(Short web captions)
________

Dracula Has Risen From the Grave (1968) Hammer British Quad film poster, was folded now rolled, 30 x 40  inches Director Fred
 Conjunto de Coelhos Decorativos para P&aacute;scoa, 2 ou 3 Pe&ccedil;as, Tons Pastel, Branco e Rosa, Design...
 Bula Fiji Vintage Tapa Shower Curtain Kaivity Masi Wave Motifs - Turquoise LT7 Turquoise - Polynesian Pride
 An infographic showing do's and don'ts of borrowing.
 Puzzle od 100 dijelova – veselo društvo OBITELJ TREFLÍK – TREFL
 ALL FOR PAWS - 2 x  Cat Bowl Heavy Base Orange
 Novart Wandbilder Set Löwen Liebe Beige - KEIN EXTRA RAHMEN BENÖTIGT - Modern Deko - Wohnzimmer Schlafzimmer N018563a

________

## Required work
The first line of the entries, the line with "ALL FOR PAWS", and every line between them should be retyped exactly, and nothing else.

## The completed task
Dracula Has Risen From the Grave (1968) Hammer British Quad film poster, was folded now rolled, 30 x 40  inches Director Fred
 Conjunto de Coelhos Decorativos para P&aacute;scoa, 2 ou 3 Pe&ccedil;as, Tons Pastel, Branco e Rosa, Design...
 Bula Fiji Vintage Tapa Shower Curtain Kaivity Masi Wave Motifs - Turquoise LT7 Turquoise - Polynesian Pride
 An infographic showing do's and don'ts of borrowing.
 Puzzle od 100 dijelova – veselo društvo OBITELJ TREFLÍK – TREFL
 ALL FOR PAWS - 2 x  Cat Bowl Heavy Base Orange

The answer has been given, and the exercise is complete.